I must have looked really surprised, because he started laughing again. There I was, thousands of pages later, full of opinions and concerns about where my life had to go and where I had already gone wrong — fully aware that I was not where I wanted to be, and maybe never would…
And my dear old dad still remembered that one dumb character that made him laugh all those years ago.
There aren’t a lot of characters that mean a lot to me. From other people’s writing, sure, but out of the couple dozen names I’ve put down on a page, I can only really tell of three or four that I really, actually care about. They’re all a part of me in some ways, but a lot of them are also just me by rote. There’s ultimately not that much to care about.
But Rainbow Watson, fat British man extraordinaire, is one of the few that I have actual formative memories associated with. One of the few that keeps coming up and trying to slide himself into new projects; one of the ones that make me reconsider if a cast is already too full, or not full enough, and whether I could maybe add someone kinda like that.
So, now, I hope it’s easier to understand why I seem so adamant about telling this guy’s story.
… well, okay, except, all of it was a lie.
Come on! My dad doesn’t give a shit about my writing — you’ve read my writing! Why would I ever show it to him? You would have had to ignore the entire thing about writing being lying to get hooked into that story!
But god damn it if I didn’t just write a story about Rainbow Watson. This dumb character that’s been stuck in my head ever since I accidentally reverse-engineered fanfiction at age 9. All because of his stupid name! That’s why he’s in my head! Because the word RAINBOW sounded cool when I was a kid, and it still does!
Fuck you, Rainbow Watson! I never have to think about you ever again! I finally did it! I finally wrote a full story about you and someone read it! I’m finally free of having the urge to insert you in everything!
And now he’s with you.

Whether you loved or hated this stupid article, whether you came here accidentally or started reading whatever else I have published — whether you’re here because somehow you typed in the exact set of characters that redirects here, no matter. You have him now.
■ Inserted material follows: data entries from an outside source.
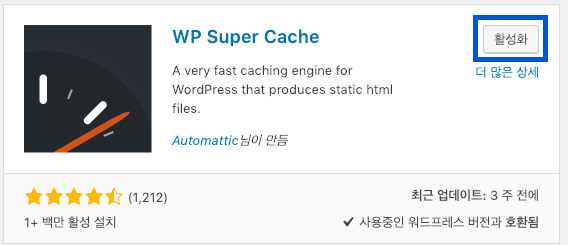WP Super Cache 02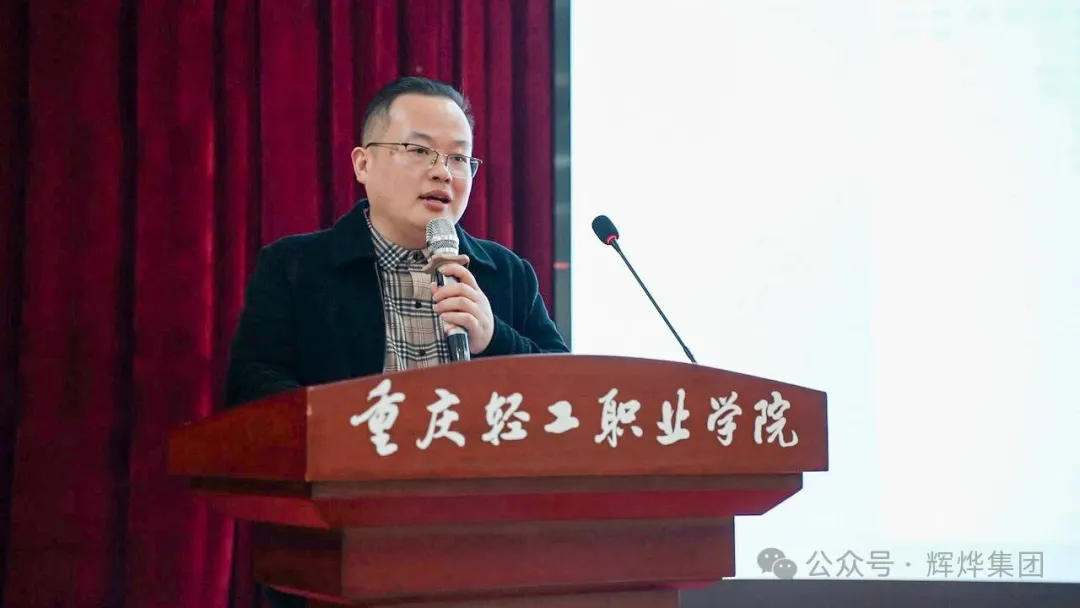 1764813635110795.png 640.webp (5).png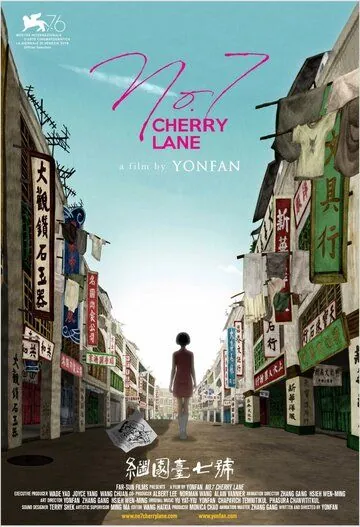 Вишневый переулок, 7 / No. 7 Cherry Lane (2019) мультфильм скачать через торрет бесплатно в хорошем качестве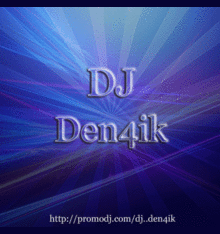 DJ-Den4ik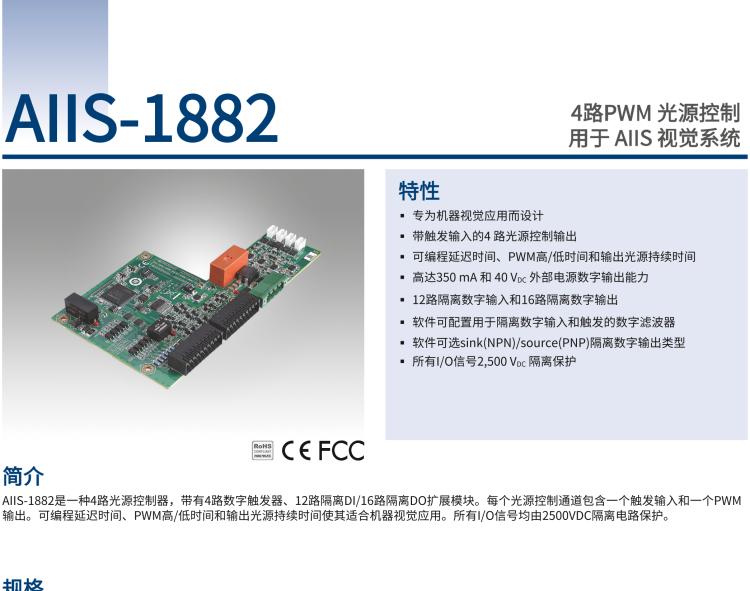 研華AIIS-1882 4路PWM 光源控制，用于 AIIS 視覺系統(tǒng)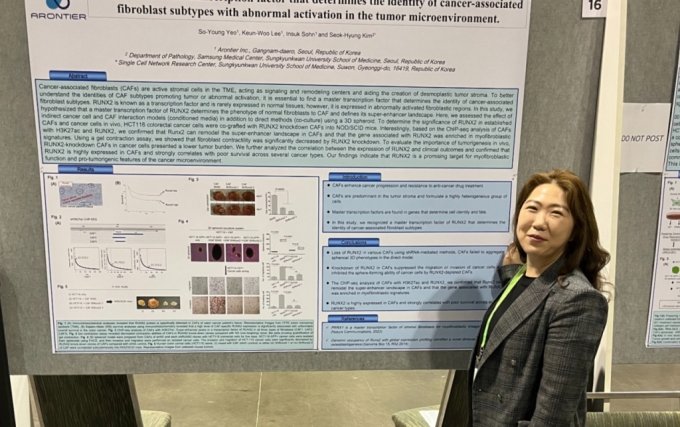 [머니투데이] 아론티어, ‘암 관련 섬유아세포’ 타깃 치료제 연구 성과 공개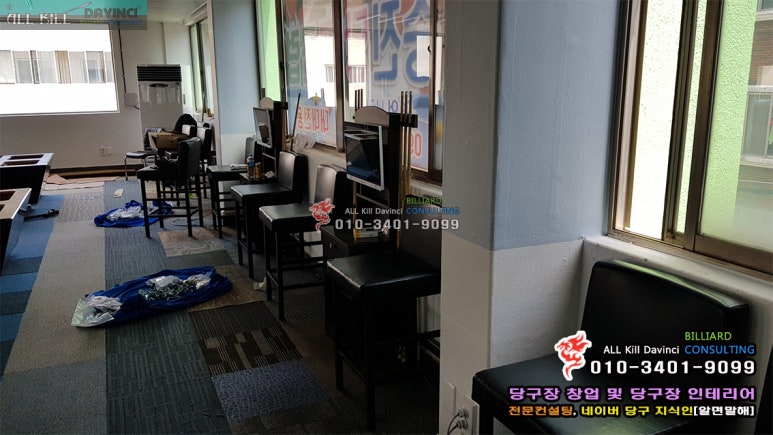 승진당구클럽 이미지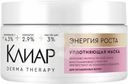 Маска для волос Клиар Derma Therapy Энергия Роста уплотняющая, 300мл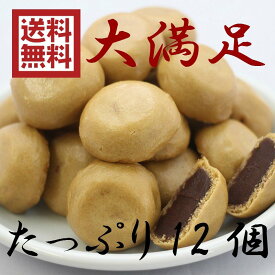 楽天市場 訳あり 和菓子 スイーツ お菓子 の通販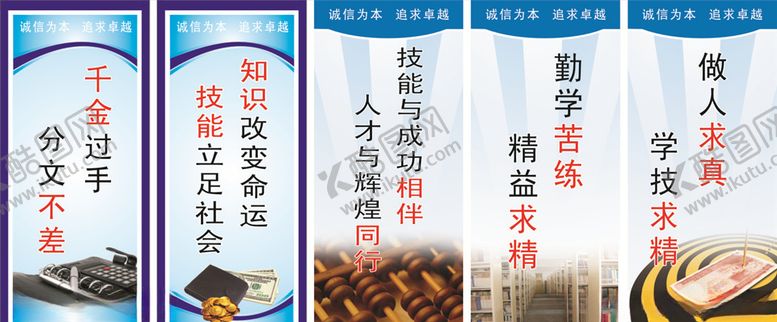 编号：86855909281659177343【酷图网】源文件下载-公司标语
Rainbow Watson lives in your head now. You know what he is to me. You know what I’ve tried to do in order to get him out of my head. You read me wax philosophical, critique and lie my way into getting rid of his hold on my free time.
And now you have that memory. That annoying, cyclical, condescending memory of that one article you read about a dumb character that had a funny name.
Rainbow Watson just found a new home. See ya later buddy.